This article was contributed by Lisa Hoover

There's little doubt that emerging technology is improving our way of life, but it's also creating a quagmire of legal issues surrounding the rights and restrictions we face while living in a digital age. The once ambiguous concept of "digital rights" has now become an all-encompassing term used to designate a wide range of rights that have the potential to be trampled on as courts sort out how Constitutional freedom applies to emerging and existing technologies.

LWN recently chronicled GeekPAC, an organization looking for new ways to protect our rights via the political battlefront. The Electronic Frontier Foundation (EFF), one of the oldest non-profit organizations dedicated to establishing and defending our rights in a digital world, takes a different approach.
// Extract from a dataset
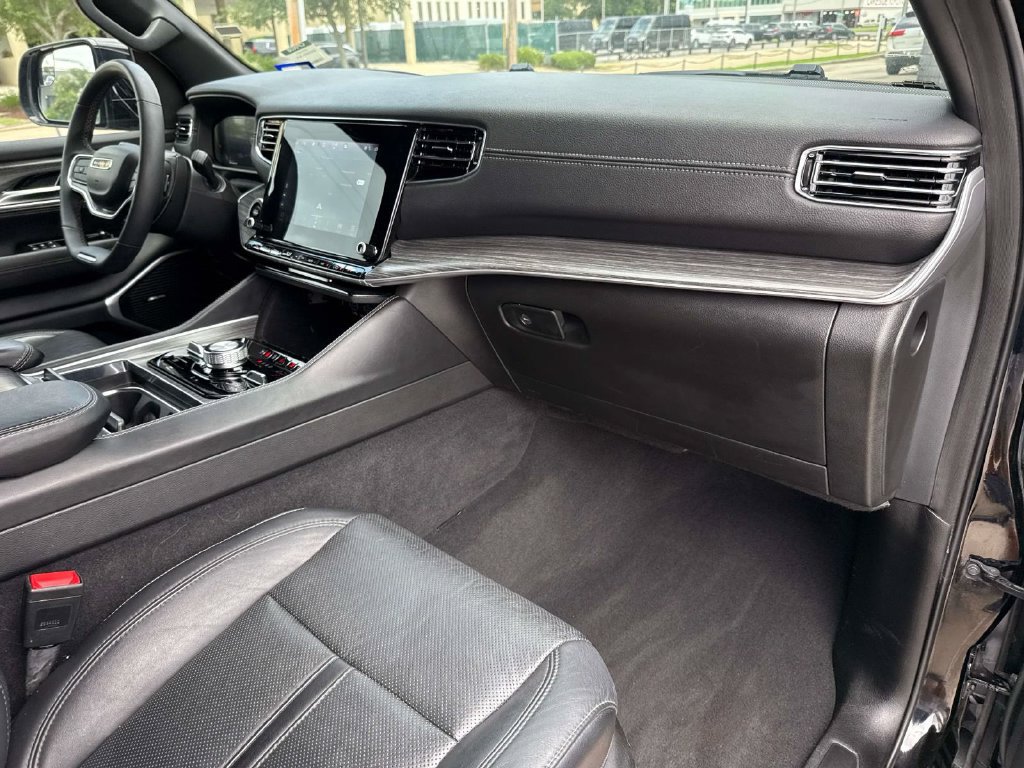 Used 2024 Jeep Wagoneer L Series III w/ Flexible Seating Group AWD/4WD image 13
Since the EFF's mission encompasses such a large body of issues, it's no longer practical to say they're protecting "digital rights." Rebecca Jeschke, Media Relations Coordinator for the EFF, says, "Instead, in our increasingly networked world, they are simply 'rights.' But we'll continue to educate folks on the issues." To do so, the EFF focuses its energies on several important issues including free speech, intellectual property, privacy, and innovation. At first blush, it may be easy to dismiss the work they do as something that only applies to people who download music illegally or who need to protect their online content from thieves. In fact, it may surprise some people to know that the EFF also defends the privacy of airline travelers and cell phone users, issues not typically associated with the purveyors of digital freedoms.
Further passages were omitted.